ŞAHİNKAYA AVUKATLARIN SORULARINI YANITLAMADI
Müdahil avukatlardan Ömer Kavili, sanıklardan Ali Tahsin Şahinkaya´ya bir dizi soru yöneltti. Şahinkaya, sorulara yanıt vermeyeceğini bildirdi. Sorular sorulduğu sırada Şahinkaya´nın zaman zaman gözlerini kapattığı dikkati çekti.
Sanık avukatı Bülent Acar söz alarak, ´sanığın özgür iradesiyle soruları yanıtlamayacağını bildirdiğini´ ifade etti ve ´Sorulara cevap vermeyeceğini belirten, bunu ortaya koyan bir sanığa yönelik sorulara devam edilmesi demek, yasak sorgu usullerinin uygulanması demektir. Müvekkilime soru sorulmamasını talep ediyorum´ dedi.
Avukat Kavili ise sorgu bütünlüğüne karışılmaması yönünde ara karar verilmesini istedi. Talebi görüşen Mahkeme, müdahillerin sanıklara soru sormaya devam etmelerini kararlaştırdı.
Şahinkaya´ya sorulan sorular şu şekildeydi:
- Bireysel olarak bir darbe yapmanın gerektiğine ne zaman inandınız? Bu kararınızı kimlerle paylaştınız? Darbe yapılması yönündeki karara hangi tarihli toplantıda, hangi komuta kademesiyle hangi komutanlarla karar verdiniz? Sizin dışınızda kalan, yani emir komuta zinciri dışındaki TSK görevlilerince veya TSK dışında bir silahlı güç tarafından darbe yapılsaydı buna o dönemdeki tepkiniz ne olurdu?
- 12 Eylül askeri darbesinin yapılmasıyla birlikte önceden isimleri tespit edilen kişilerin bulundukları yerden toplanmaya başlandıkları dikkate alındığında bu kişilerin listeleri ne şekilde oluşturulmuştur?
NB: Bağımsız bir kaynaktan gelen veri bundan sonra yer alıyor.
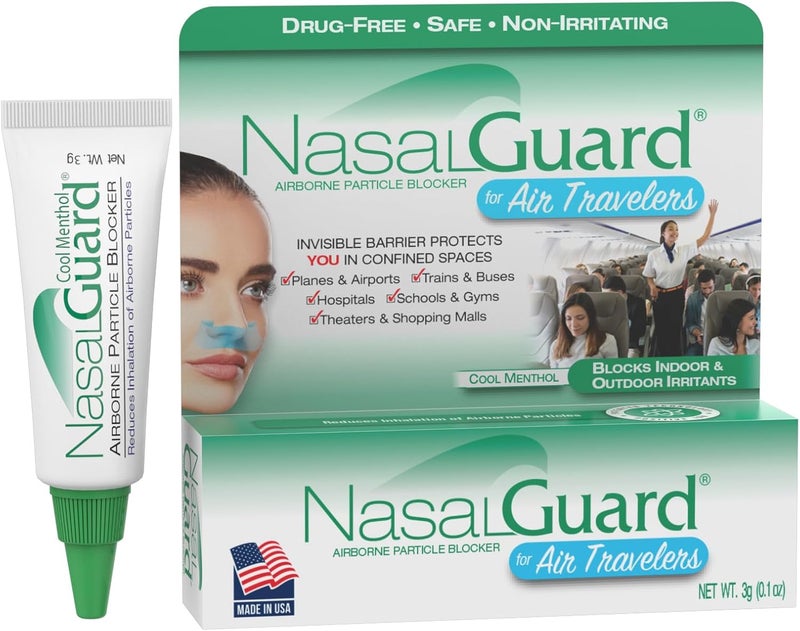 NasalGuard Airborne Particle Blocker Nasal Gel for Air Travelers  DrugFree Nonirritating Nondrowsy Airplane Travel Approved Cool Menthol  Over 150 Applications Per Tube 01 oz Pack of 1 - Image 1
Bunlar arasında suç işlediği iddia edilen kişilerin adresleri ve yerleri belli iken 12 Eylül 1980 öncesinde gözaltı ve yakalama işlemlerinin yapılmamasının nedeni nedir?
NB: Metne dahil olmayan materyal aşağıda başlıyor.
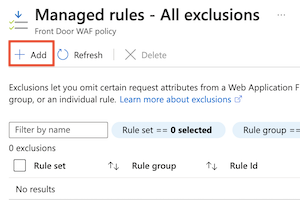 Screenshot that shows the Azure portal with the exclusion list Add button.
- Komuta kademesinde ´Darbeyi daha önce yapacaktık, ancak olgunlaşmasını bekledik´ şeklinde gazetelere demeçler verildiği dosya kapsamından anlaşılmaktadır. İddianamede anlatım olarak yer verilen 16 Mart İstanbul Üniversitesi, 1 Mayıs 1977 Taksim, Sivas, Çorum, Kahramanmaraş olaylarında birçok aydın, yazar, gazeteci, öğretim üyesinin katledilmesinin toplumda darbe beklentisi yarattığı iddia edildiği de dikkate alındığında, bu olaylara göz yumulması söz konusu mudur? Veya bu olayların niteliğine uygun müdahaleler yapılmış mıdır?
- Hemen her fırsatta, 12 Eylül 1980 askeri darbesinin ardından verilen beyanatlarda çok kısa zamanda demokratik düzene geçişi sağlamanın amaç edinildiği ifade edildiğine göre, askeri mahkemeler tarafından verilen idam kararlarının onaylanmasını demokratik düzene geçiş sonrasında milletin tercihleri ile oluşacak TBMM´ye bırakmak yerine Milli Güvenlik Konseyi eliyle yerine getirmenizin sebebi nedir?
- 12 Eylül askeri darbesi yapıldıktan sonra gözaltında ölümler yaşanmış, başta Diyarbakır ve Mamak cezaevlerinde işkence sonucu ölümler olmuştur. Bu olayların engellenmesi için bir çaba gösterdiniz mi?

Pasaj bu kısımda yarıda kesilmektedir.